ROYAL Bank of Scotland plans to cut mobile banking services just months after announcing the closure of rural branches have been met with derision and disbelief.

Politicians were stunned by the changes to the timetable for RBS’s mobile bank, due to come in next month, which showed that while the van will make more stops, it will cut the amount time at some locations by more than half.

Stops in Kingussie will be slashed from 45 minutes two days a week to 20 minutes once a week.

Customers in Spean Bridge will only get a 15-minute window on Thursdays instead of the current 45 minute slots on Mondays and Thursdays, and the van will no longer visit Helmsdale, Rogart or Latheronwheel,

Villagers in Golspie, Brora, Bonar Bridge, Lairg and Dunbeath will see theier visits increase, with the van coming once a week instead of once a fortnight.

Earlier this year, Westminster’s Scottish Affairs Committee probed RBS over plans to close 62 mostly rural branches in Scotland.

The bank announced the plans in December last year, saying the rapid increase in online and mobile banking had seen a 40 per cent drop in customers coming into the buildings since 2014.

Bosses from RBS, which is still 70 per cent owned by the taxpayer, assured MPs that they were investing in mobile banking to allow customers continued access to face-to-face banking.

Les Matheson, the chief executive of RBS’s personal and business banking suggested the mobile bans would mitigate the branch closures.

“We have to adapt,” he told MPs. “We have to respond to what customers are doing and how they are changing and that includes in rural areas.”

Matheson said he had “been out to many of the branches that are closing to speak to first of all our colleagues there and then also to our customers”. He went on, promising the bank was “increasing the number of mobile vans that we have”.

Yesterday, Labour MP Ged Killen said the issue would be raised with RBS boss Ross McEwen when he’s up in front of the committee next month.

“RBS executives offered reassurances in good faith that customers would be supported through the closure of 62 branches in Scotland when they appeared before the Scottish Affairs Select Committee in January.

“These words will now appear hollow to those communities which could be cut off as a result of the scaling back of the mobile bank van service.

“This type of action is typical of the RBS approach to its customers.

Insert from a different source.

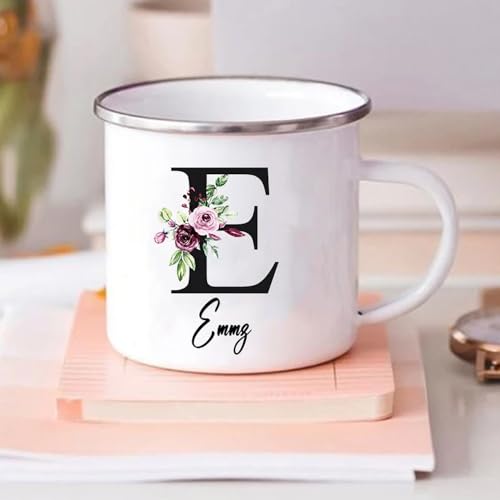 Personalisiert Emaille-Tasse Monogramm Initiale Mit Namen, Personalisiert Blumen Blüten Dekor, Emaille Tasse Weiß Mit Designbuchstaben A-Z, 360 Ml Kaffeetasse von HDLOVE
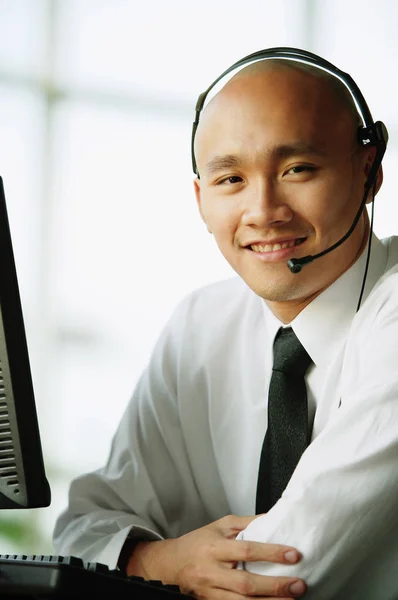 Man met koptelefoon in functie — Stockfoto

Throughout the rounds of bank closures, RBS has offered olive branches of support when put under pressure over concerns about reduced services, only for them to be snatched away once the dust has settled.”

SNP MSP Jenny Gilruth, who has campaigned against branch closures in Fife, called it “appalling behaviour”.

“Not only have they reduced the service to customers across the country even further – they’ve done so by quietly changing the timetable as opposed to being straight with people,” she added.

“It’s yet another betrayal of RBS customers in Fife and across the country.

“It’s time for RBS to be up front with customers and communities – this kind of behaviour erodes trust in the bank even further after their shameful rounds of closures over the last few years. They ought to remember who saved the bank from going under just a decade ago.”